Le conformisme intellectuel est imposé par l’élite communiste à tout le peuple chinois. En 1953, la presse et la radiodiffusion sont happées par le monstre étatique. Dès lors, toutes les informations qui sont diffusées sont d’abord soigneusement élaborées par les organes centraux du Parti, et ensuite distillées par l’agence de presse Chine nouvelle.
Les couches intellectuelles et plus généralement bourgeoise libérale sont l’objet d’une politique spécifique de « réforme de la pensée » : convoqués à tour de rôle dans des sessions de rééducation qui combinent enseignement idéologique, pressions psychologiques et violences physiques, étudiants, avocats, ingénieurs, médecins doivent se rallier publiquement a la doctrine marxiste-léniniste pour devenir des « hommes nouveaux » (Nicolas Werth)
L’appareil répressif d’Etat se met en branle. En 1951, la Terreur rouge frappe aveuglement et abouti à l'exécution de plus d'un million d' « ennemis du régime ».
Par ailleurs, deux millions d’autres personnes sont envoyées dans des camps de travaux forcés. Les fameux « laogai », largement inspirés du goulag soviétique, voient s’entasser propriétaires fonciers, opposants politiques, paysans riches, intellectuels...
L’échec du Grand bond en avant (1958-1962)
Dès 1958, le maoïsme est dans l’Etat. Le grand timonier déclare l’année suivante :
A chaque fois que l’on augmente la production de 10%, on peut considérer qu’il s’agit d’un bond en avant. A 20%, on peut considérer d’un grand bond en avant ».

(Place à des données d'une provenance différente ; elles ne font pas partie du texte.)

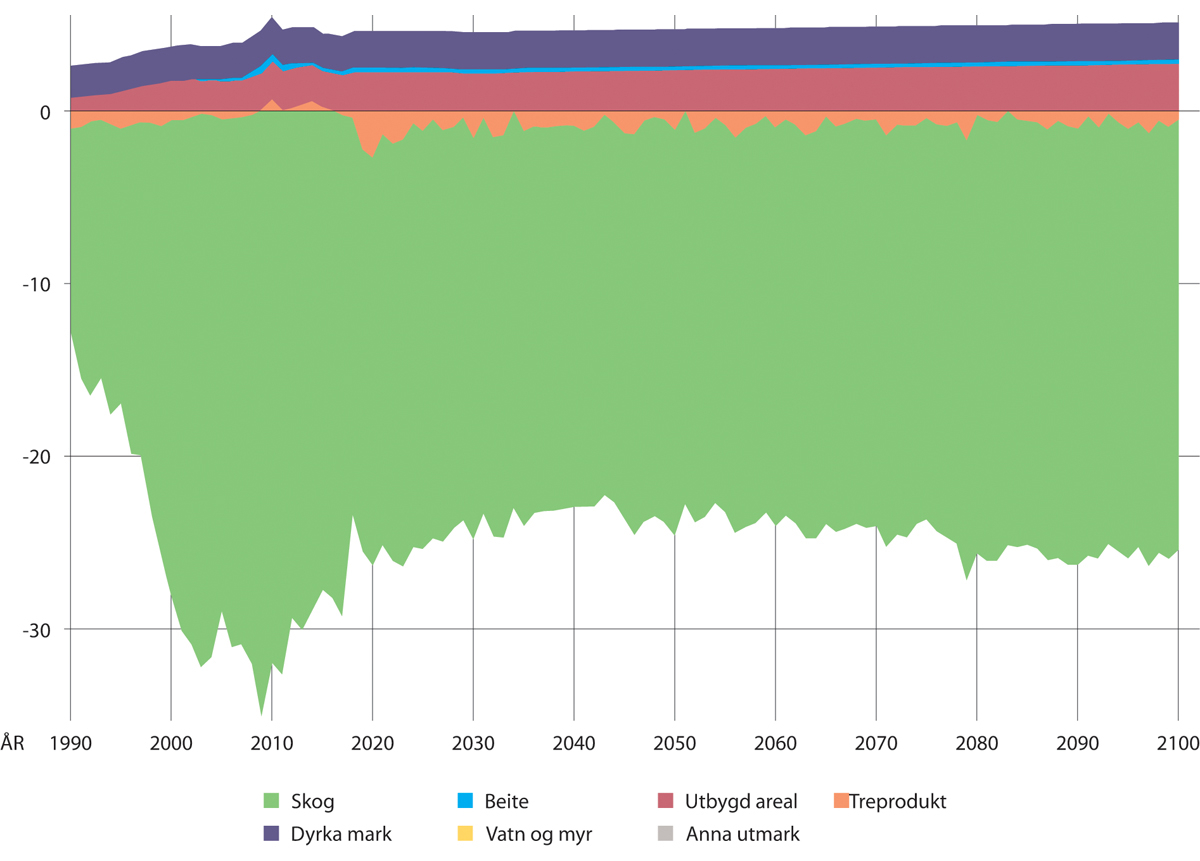 Figur 14.14 NIBIOs framskriving av netto utslepp frå skog og annan arealbruk slik det blir rapportert under Klimakonvensjonen (millionar tonn CO2-ekvivalentar). Opptak er markerte med negative tal (-). Både utslepp av CO2, lystgass og metan er inkluderte, saman ...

Le « grand bond en avant » s’avère avoir été une campagne de production et de communisation d’une intensité forcenée. Mao affirme que la Chine peut rattraper en quinze ans le niveau global de production atteint par la Grande-Bretagne. Ce programme de réforme de la société chinoise est trop ambitieux.
La collectivisation totale est lancée. Des communes populaires sont organisées pour assurer l’autosuffisance alimentaire.
Le transfert de plusieurs dizaines de millions de paysans à l’édification de canaux et de barrages va avoir des conséquences dramatiques. Toute cette main d’œuvre manque aux travaux agricoles, et les vivres vont rapidement faire défaut :
une famine démesurée s’ensuit fatalement. On déplore entre 14 et 30 millions de morts. Voici la réalité concrète du « grand bond en avant », rêve administratif déshumanisé.
Conséquence, aussi bête que tragique : Entre 1960 et 1962, la Chine est acculée à importer de l’étranger 16 millions de tonnes de blé, au prix fort.
Le manque de nourriture se généralise, et des cas extrêmes se font jour : en 1960, dans certaines écoles, des foules de lycéens en sont réduites à déjeuner de décoctions de feuilles d’arbres.
Toujours officiellement pays communiste, la République populaire de Chine a dorénavant adopté une économie socialiste dite « de marché ». Cette fusion totalement contre-nature du communisme et du capitalisme a donné naissance à une nouvelle doctrine. Moins meurtrière certes, mais tout aussi liberticide et aliénante : le « commutalisme ».